*** Opening The data ***

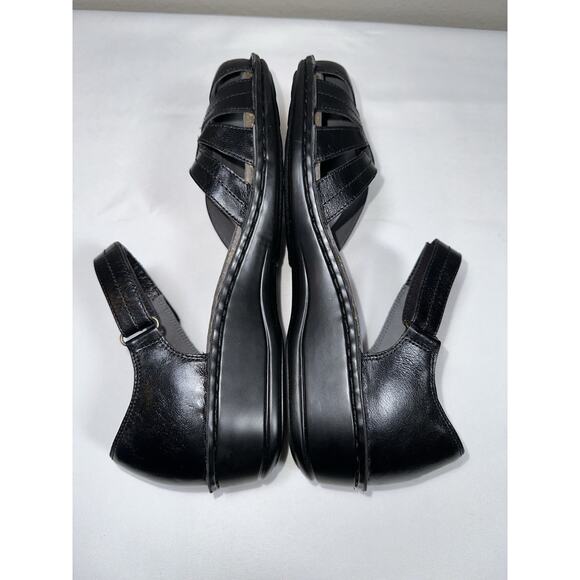 NWOT Aravon Clarissa Black Leather Fisherman Comfort Sandals 11 EE Extra Wide - Picture 7 of 9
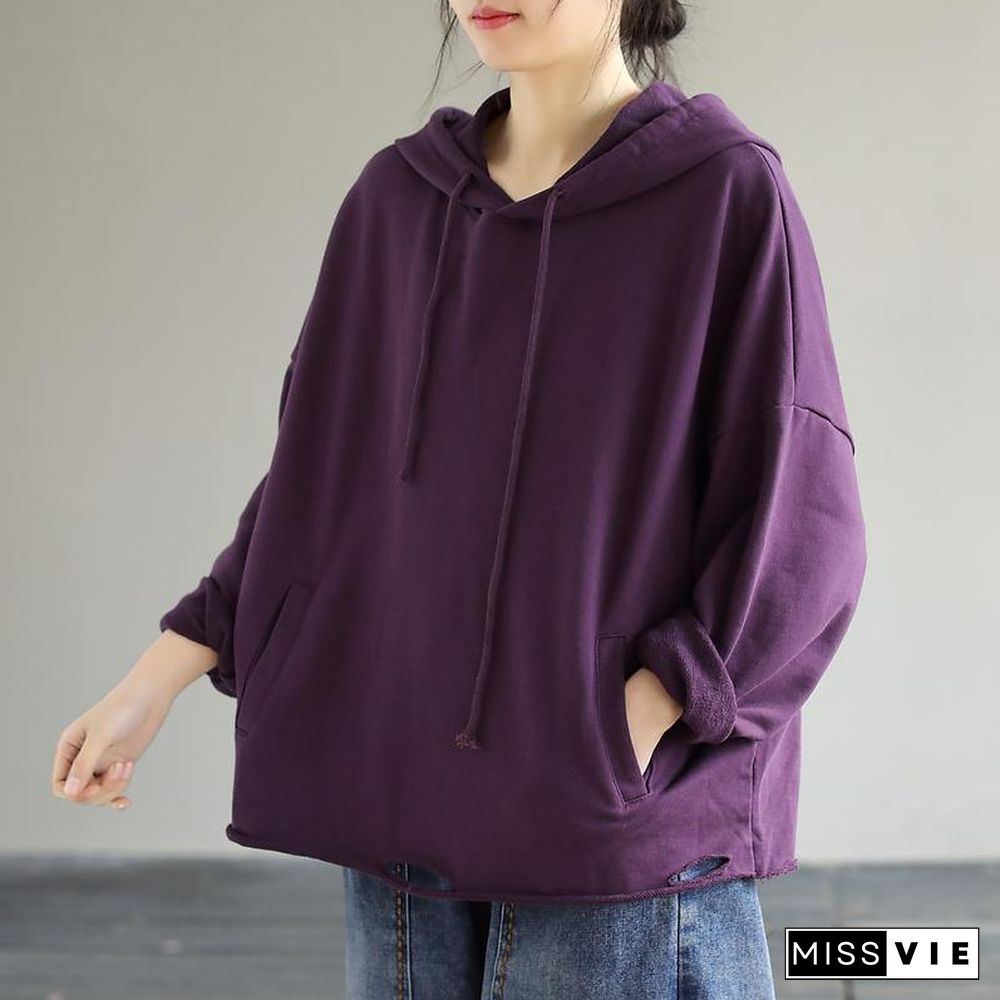 Women Hooded Hole Spring Top Silhouette Photography Purple Blouses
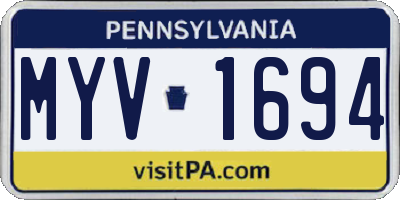 PA license plate MYV1694
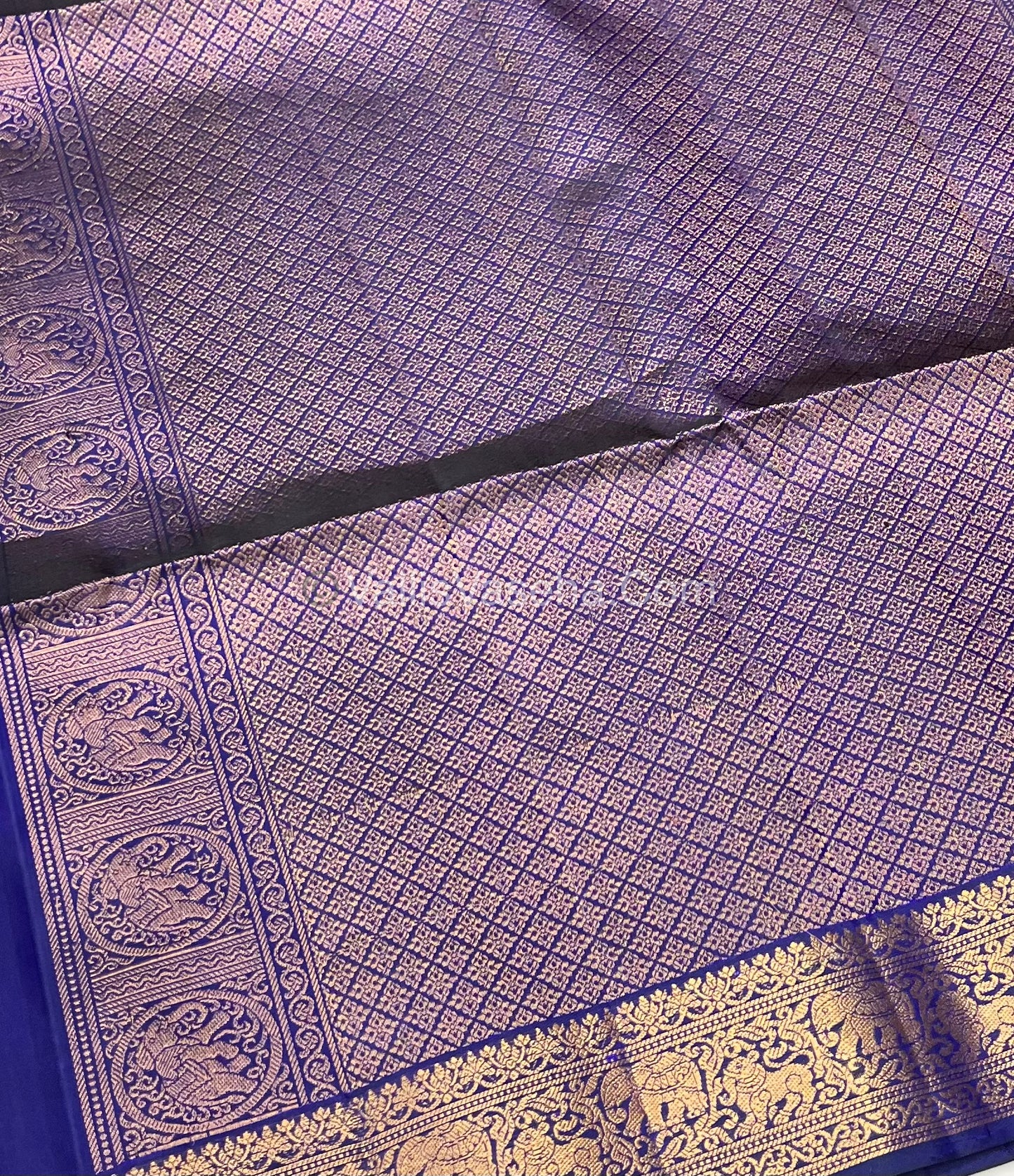 Pure Soft Silk Saree - Kanchi Border - Royal Blue Shade - VVPSS046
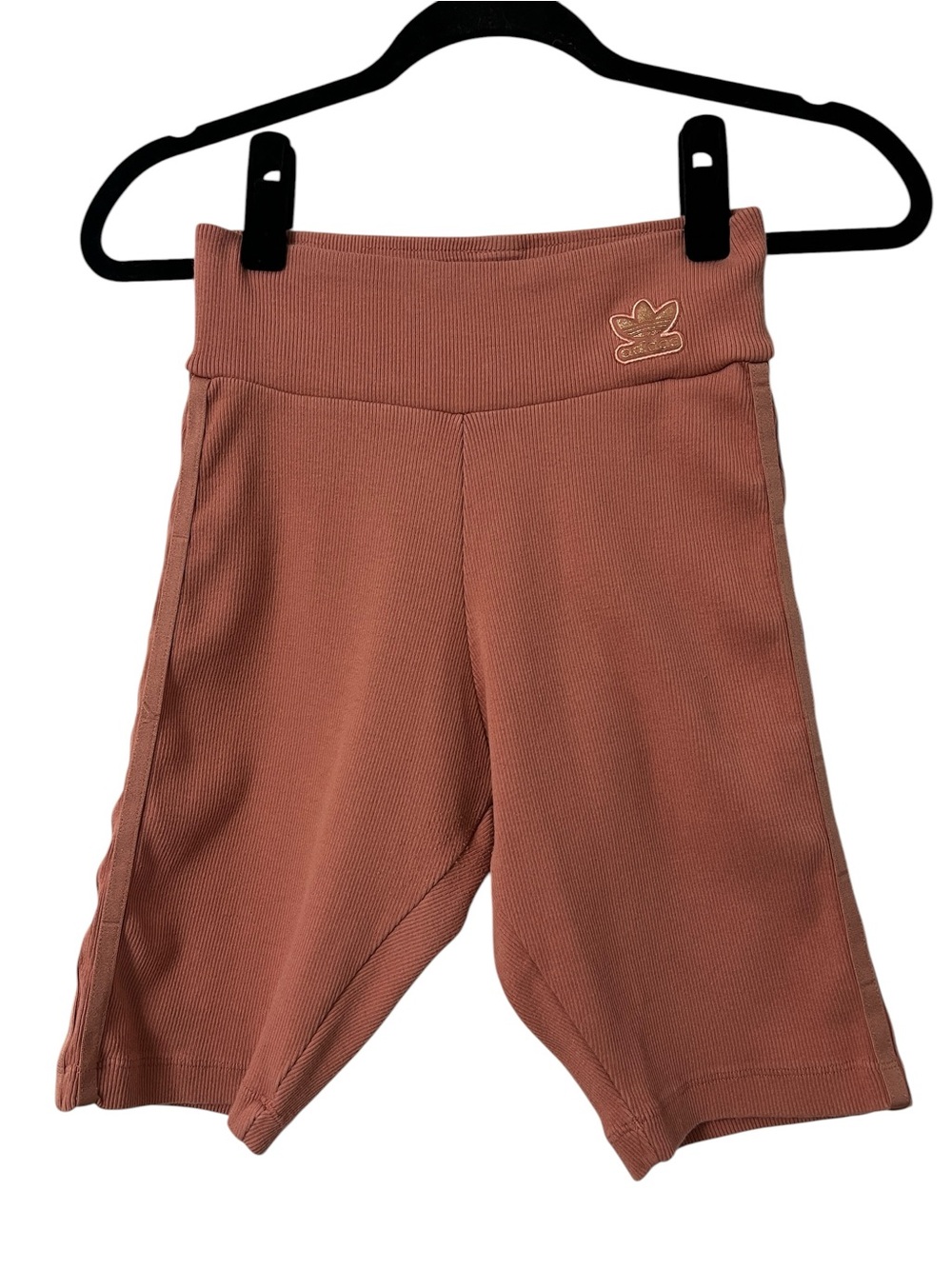 Adidas High Waist 3-Stripe Sporty Athletic Ribbed Bike Shorts in Dusty Rose- S - Picture 4 of 9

*** Closing The data ***

All of the records above are to be printed exactly, with every picture omitted.

*Result*.
 NWOT Aravon Clarissa Black Leather Fisherman Comfort Sandals 11 EE Extra Wide - Picture 7 of 9
 Women Hooded Hole Spring Top Silhouette Photography Purple Blouses
 PA license plate MYV1694
 Pure Soft Silk Saree - Kanchi Border - Royal Blue Shade - VVPSS046
 Adidas High Waist 3-Stripe Sporty Athletic Ribbed Bike Shorts in Dusty Rose- S - Picture 4 of 9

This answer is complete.